§ Work order
Return only the lines below starting at the line containing "Smith & Wesson" and ending at the line containing "AlessioVitale online show from 15, 12, 2025", both included, exactly as they are and with no pictures.

§ Records shown

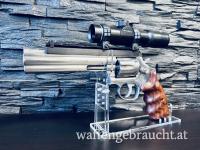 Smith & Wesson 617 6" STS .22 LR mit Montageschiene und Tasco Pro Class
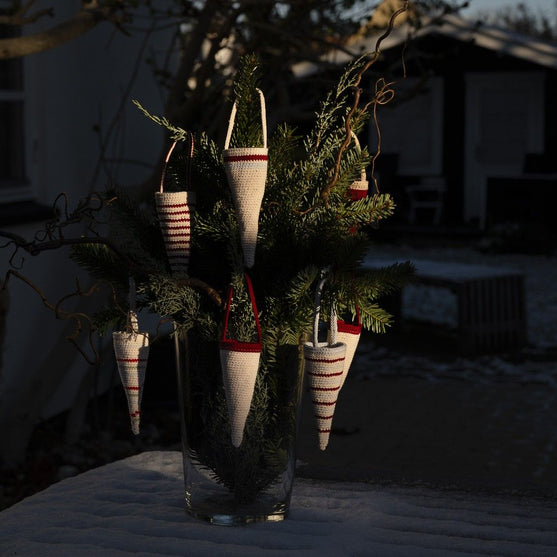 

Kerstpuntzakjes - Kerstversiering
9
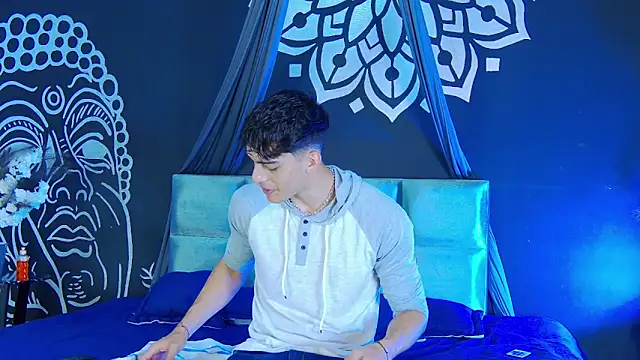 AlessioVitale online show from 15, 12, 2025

==

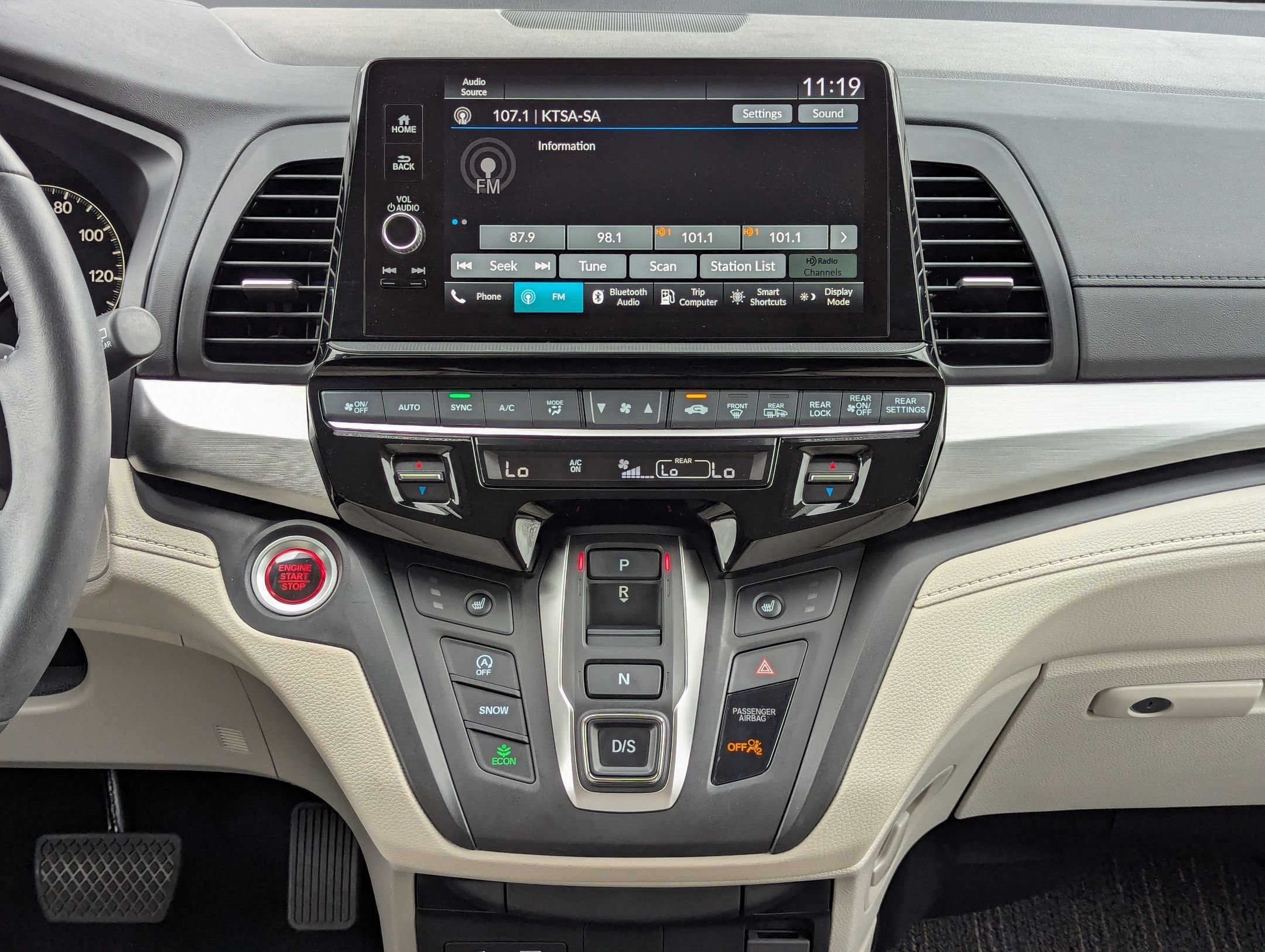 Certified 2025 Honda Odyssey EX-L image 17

§ Result for this exercise
 Smith & Wesson 617 6" STS .22 LR mit Montageschiene und Tasco Pro Class

Kerstpuntzakjes - Kerstversiering
9
 AlessioVitale online show from 15, 12, 2025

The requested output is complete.